▼

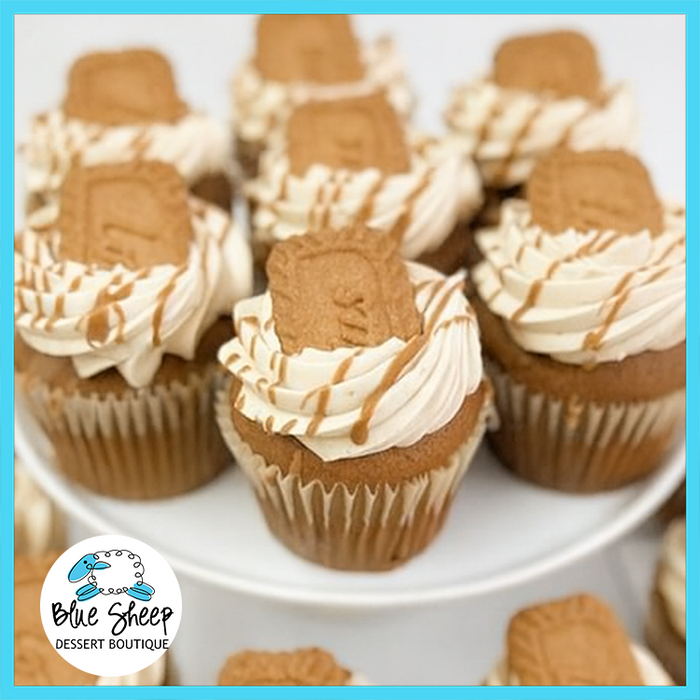 Pumpkin cupcake filled with Biscoff cookie butter and topped with cookie butter Swiss buttercream, a Lotus cookie, and drizzle from Blue Sheep Bake Shop in Somerville NJ.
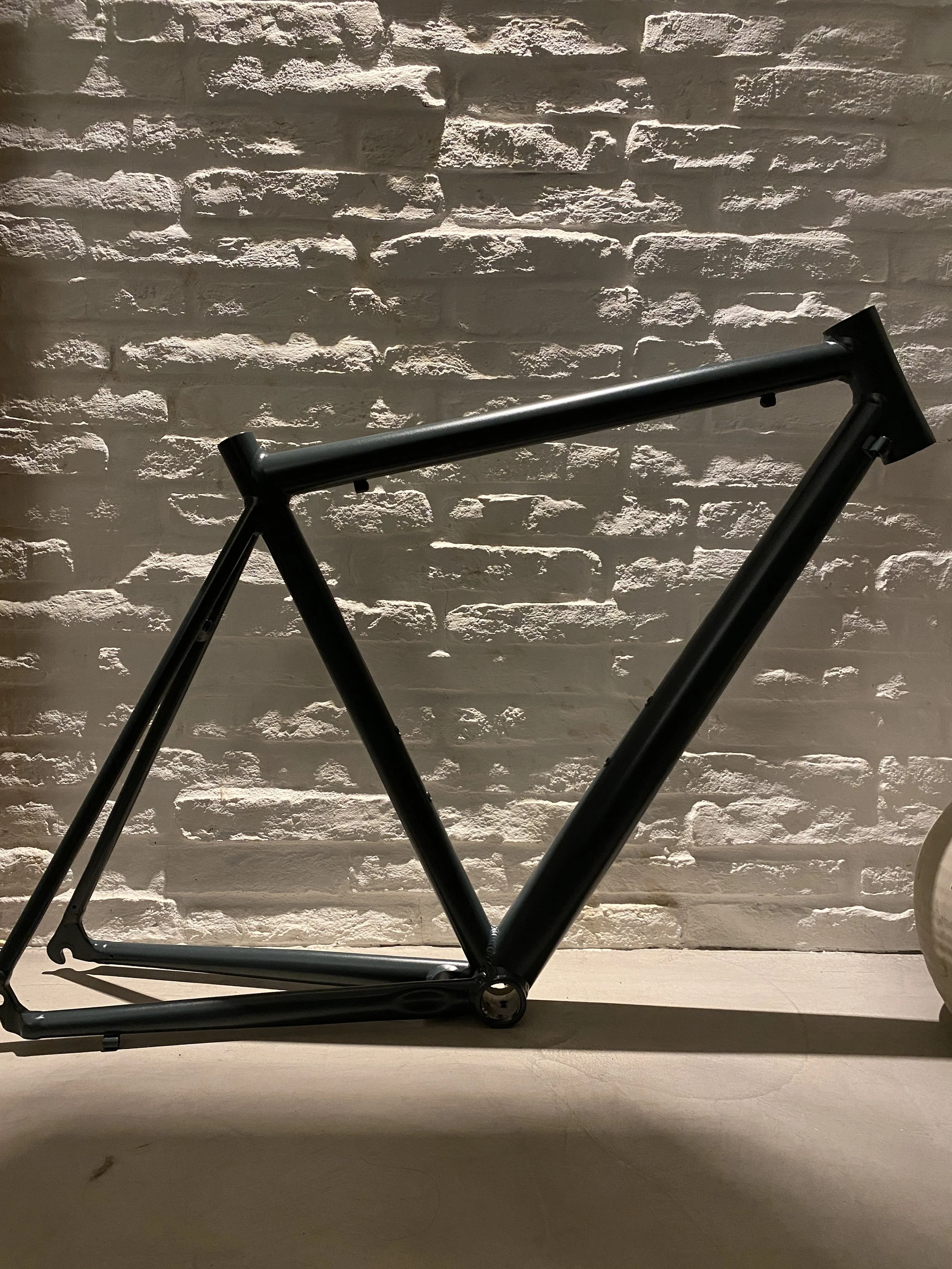 A black bicycle frame is leaning against a white brick wall with lighting casting shadows.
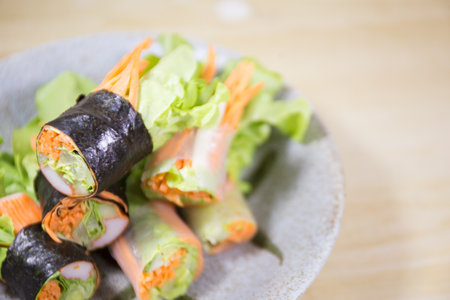 Fresh vegetable salad rolls on the table.の写真素材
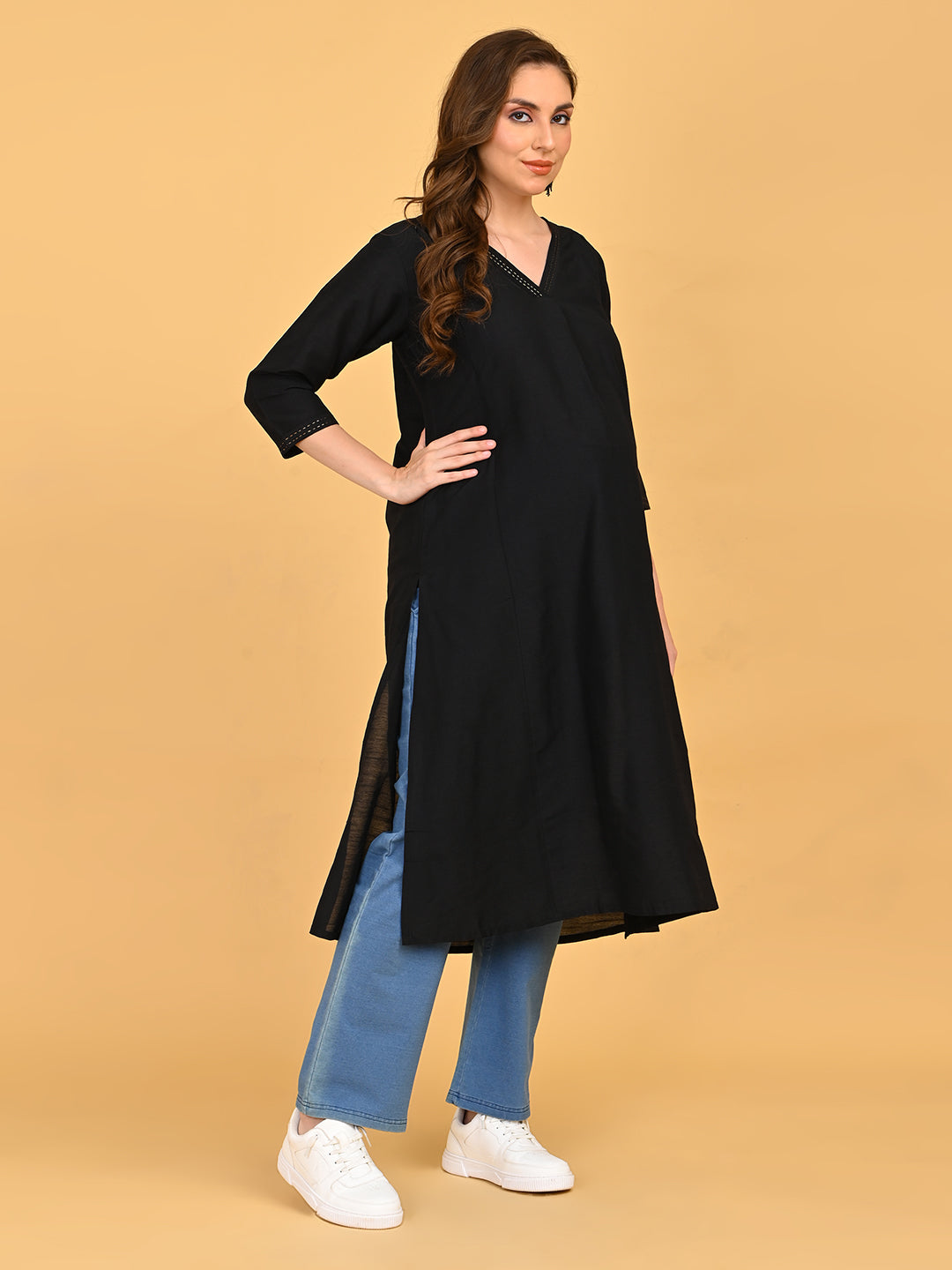 Pregnant model posing in black maternity kurta styled with blue pants and white sneakers.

▲

- _Problem requirements_
Your answer must be an exact copy of the lines from the one with "Fresh vegetable salad" through the final line of the data, both included, without any pictures.

- _Response box_
 Fresh vegetable salad rolls on the table.の写真素材
 Pregnant model posing in black maternity kurta styled with blue pants and white sneakers.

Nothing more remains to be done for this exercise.